Viernes 21 de Septiembre 2018

El laicismo

Por: Alfonso Carcasona 14-11-2015

El partido socialista

quiere hacer del laicismo una de sus banderas. Imagino que las encuestas internas les señalan su conveniencia, ya que hoy no parece haber mucha tensión en este aspecto.

Pablo Iglesias se declaraba un fan del papa Francisco, pero quiere acabar con los “privilegios” de la Iglesia en España. Iglesia soy yo, son las comunidades de creyentes que trabajan en la sociedad, las mas de las veces de manera altruista y desinteresada. Son los miles de sacerdotes, religiosos, monjas y religiosas, que dedican su vida a los demás.

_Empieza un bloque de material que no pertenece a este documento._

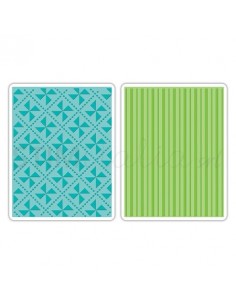 Textured Impressions Embossing Folders 2PK - Pinwheels & Stripes Set by Eileen H Ellison - 1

No sólo es la conferencia episcopal, que desafortunadamente parece ser lo único que se conoce por Iglesia en nuestro país. Yo no he visto ningún privilegio del estado en mi labor. ¿Qué la Iglesia está exenta del pago del IBI? Que se explique por qué, y qué da en contraprestación. Y después que se discuta la justicia económica de la relación. 

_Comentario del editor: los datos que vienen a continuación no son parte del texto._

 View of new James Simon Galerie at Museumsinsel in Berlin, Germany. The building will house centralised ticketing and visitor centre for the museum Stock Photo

Lo mismo debe hacerse con partidos políticos, sindicatos y organizaciones empresariales.

Nuestra nueva alcaldesa ha renovado los votos de la ciudad de Madrid a la Almudena. ¿Cálculo político o convicción de que entre sus representados existe una gran comunidad de creyentes? Le concedo el beneficio de la duda, y le agradezco que no anatemice las creencias de muchos de sus vecinos. Sin embargo, y para no desentonar del todo con lo políticamente correcto, inmediatamente ha señalado que la religión debe formar parte del ámbito personal del individuo. Y yo me pregunto, ¿por qué no puede formar parte de su ámbito público? ¿La religión católica no tiene nada que aportar en este campo?

Los católicos solo somos portada en las noticias por los escándalos o por posiciones intransigentes que llaman la atención. ¿No aportamos nada más?

¡Ay si nos hubiésemos quedado en aquello de Dios es amor, y en el puro evangelio, sine glosa!